→ Prompt
From the entries that follow, reproduce exactly and only the lines from the line with "What Is The" to the line with "2005 200620072008200920102011 2012", endpoints included.

→ Exercise data
┌────────

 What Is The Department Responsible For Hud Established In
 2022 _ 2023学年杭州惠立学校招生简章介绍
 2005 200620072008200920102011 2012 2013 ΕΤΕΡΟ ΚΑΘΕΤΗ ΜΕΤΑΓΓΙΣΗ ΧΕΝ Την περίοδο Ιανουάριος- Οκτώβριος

└────────
┌────────

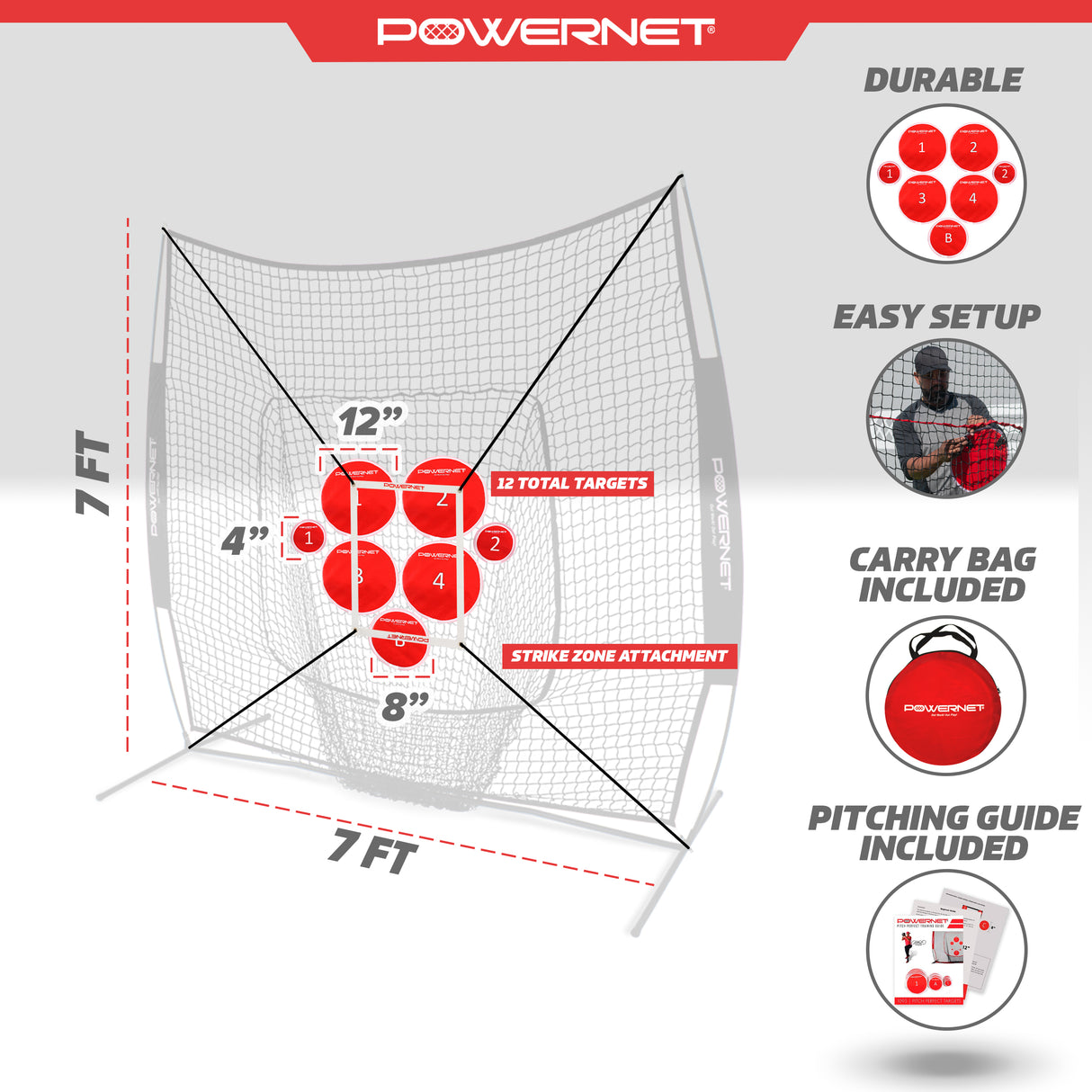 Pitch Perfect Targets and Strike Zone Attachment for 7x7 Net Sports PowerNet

└────────
┌────────

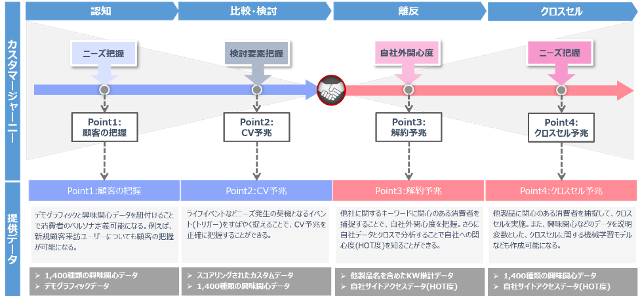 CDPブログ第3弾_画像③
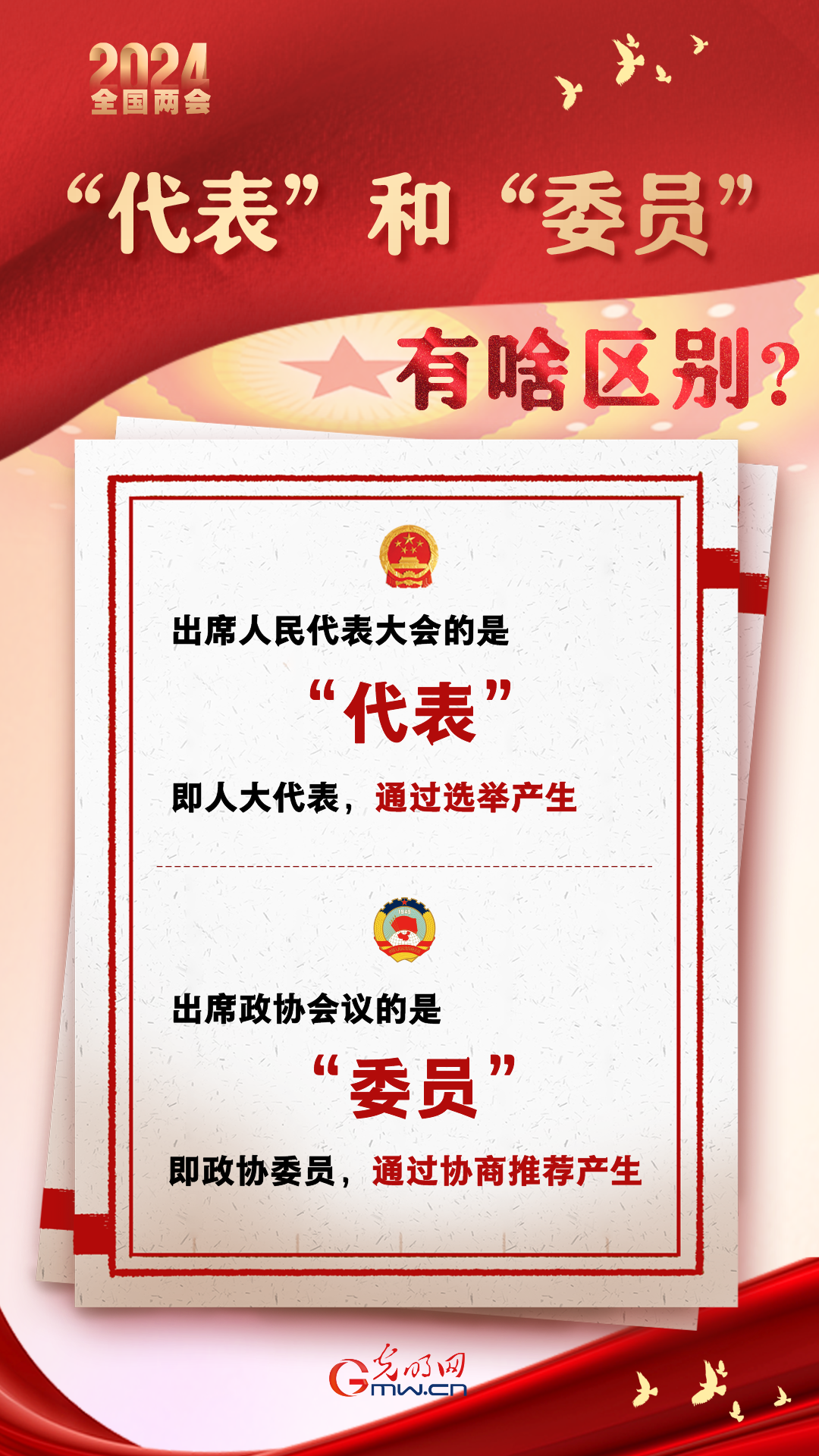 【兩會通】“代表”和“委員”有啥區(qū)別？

└────────

→ Exercise result
 What Is The Department Responsible For Hud Established In
 2022 _ 2023学年杭州惠立学校招生简章介绍
 2005 200620072008200920102011 2012 2013 ΕΤΕΡΟ ΚΑΘΕΤΗ ΜΕΤΑΓΓΙΣΗ ΧΕΝ Την περίοδο Ιανουάριος- Οκτώβριος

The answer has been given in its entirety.